Abu el-Haj wrote in her book that “what was considered to have been ancient Jewish national existence and sovereignty in their homeland” is “a tale best understood as the modern nation’s origin myth transported into the realm of history.”
In his evaluation of Abu el-Haj’s book, Trueman wrote:
Although it may seen incredible that a book could commit a more flagrant violation of scholarly standards than to dismiss the vast body of archaeological and documentary evidence for the existence of the ancient Jewish and Israelite kingdoms, Abu El Haj manages to do so when she excuses the deliberate destruction of archaeological sites when it is done by Palestinians for political purposes. In Abu El Haj’s view, deliberately destroying ancient buildings is not to be condemned, it is to be “analyzed as a form of resistance to the Israeli state.”
The deliberate destruction of archaeological artifacts, “Needs to be understood in relation to a colonial-national history in which modern political rights have been substantiated in and expanded through the material signs of historic presence. In destroying the tomb, Palestinian demonstrators eradicated one’’fact on the ground.’”
An extensive and critical review of Facts on the Ground: Archaeological Practice and Territorial Self-Fashioning in Israeli Society was written by Alexander H. Joffe and published in the Journal of Near Eastern Studies 64 (2005) 297-304. Those interested in reading a scholarly review of Abu el-Haj’s book can read it here in a PDF format.
The issue of tenure in universities and seminaries is directly related to the issue of academic freedom. Academic freedom is concerned with free inquiry in the classroom. However, academic freedom does not obviate the requirements for responsible scholarship.
Professors should be free to discuss controversial issues in the classroom. However, when a professor writes on controversial issues, it becomes imperative that the professor does not violate standards set by an institution to guide the work of its professors.
Theological schools and universities have different criteria for granting tenure to their professors. In theological schools professors must teach within the parameters of a doctrinal statement. Faculty members are free to teach, carry on research, and publish in their area of competence. Faculty members in a theological school also represent their institution. For this reason, faculty members agree to subscribe to a doctrinal standard that will guide their work in and out of the classroom.

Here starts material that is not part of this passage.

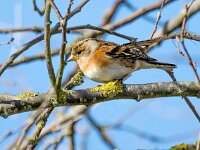 Fringilla montifringilla 106, Keep, Saxifraga-Bart Vastenhouw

Faculty members in a state university are free from these limitations. In secular universities professors have the freedom to teach and write in their area of competence and they do so without harassment or limitations. Joffe’s review of Abu el-Haj’s book indicates that the book is biased, ill-informed, and without scholarly merit because she is writing outside of her area of competence. However, because of the university’s system of academic freedom, it is doubtful that Nadia Abu el-Haj will be denied tenure.